◆ **Work request**
Could you retype, exactly as written, every line from the top of the records through the line that contains "La Nordica Ester"?

*** Block opens ***

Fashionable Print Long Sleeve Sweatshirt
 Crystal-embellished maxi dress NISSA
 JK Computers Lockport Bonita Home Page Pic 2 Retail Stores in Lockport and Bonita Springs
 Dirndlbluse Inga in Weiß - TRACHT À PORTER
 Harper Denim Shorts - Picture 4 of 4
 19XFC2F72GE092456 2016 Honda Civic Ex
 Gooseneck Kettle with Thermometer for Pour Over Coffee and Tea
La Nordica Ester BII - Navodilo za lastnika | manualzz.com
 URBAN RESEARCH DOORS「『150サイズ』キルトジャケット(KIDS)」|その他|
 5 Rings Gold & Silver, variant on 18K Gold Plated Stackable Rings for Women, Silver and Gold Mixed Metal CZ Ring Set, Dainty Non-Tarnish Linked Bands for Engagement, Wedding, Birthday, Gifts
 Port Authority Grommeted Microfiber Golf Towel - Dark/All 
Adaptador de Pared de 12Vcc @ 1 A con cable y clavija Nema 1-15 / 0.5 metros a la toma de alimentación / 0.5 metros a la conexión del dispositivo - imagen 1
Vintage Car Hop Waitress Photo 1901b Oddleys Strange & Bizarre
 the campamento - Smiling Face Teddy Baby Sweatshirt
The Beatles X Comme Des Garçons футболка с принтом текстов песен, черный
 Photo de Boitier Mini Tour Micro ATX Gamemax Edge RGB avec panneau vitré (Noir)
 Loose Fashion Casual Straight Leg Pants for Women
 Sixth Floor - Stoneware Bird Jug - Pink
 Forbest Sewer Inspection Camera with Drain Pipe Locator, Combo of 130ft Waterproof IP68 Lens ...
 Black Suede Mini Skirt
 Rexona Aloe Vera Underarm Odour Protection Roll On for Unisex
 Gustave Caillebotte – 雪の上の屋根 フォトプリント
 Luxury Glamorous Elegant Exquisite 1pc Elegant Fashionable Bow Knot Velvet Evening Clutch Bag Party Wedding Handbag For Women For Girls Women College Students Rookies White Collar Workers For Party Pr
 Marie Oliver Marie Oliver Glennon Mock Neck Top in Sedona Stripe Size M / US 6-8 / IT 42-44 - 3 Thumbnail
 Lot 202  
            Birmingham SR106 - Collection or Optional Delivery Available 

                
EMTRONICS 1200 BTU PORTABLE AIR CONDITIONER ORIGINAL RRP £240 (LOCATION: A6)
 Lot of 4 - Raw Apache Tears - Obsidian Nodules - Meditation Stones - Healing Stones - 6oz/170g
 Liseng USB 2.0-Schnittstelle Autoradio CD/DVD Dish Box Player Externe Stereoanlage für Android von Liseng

*** Block closes ***

◆ **Response to this task**
Fashionable Print Long Sleeve Sweatshirt
 Crystal-embellished maxi dress NISSA
 JK Computers Lockport Bonita Home Page Pic 2 Retail Stores in Lockport and Bonita Springs
 Dirndlbluse Inga in Weiß - TRACHT À PORTER
 Harper Denim Shorts - Picture 4 of 4
 19XFC2F72GE092456 2016 Honda Civic Ex
 Gooseneck Kettle with Thermometer for Pour Over Coffee and Tea
La Nordica Ester BII - Navodilo za lastnika | manualzz.com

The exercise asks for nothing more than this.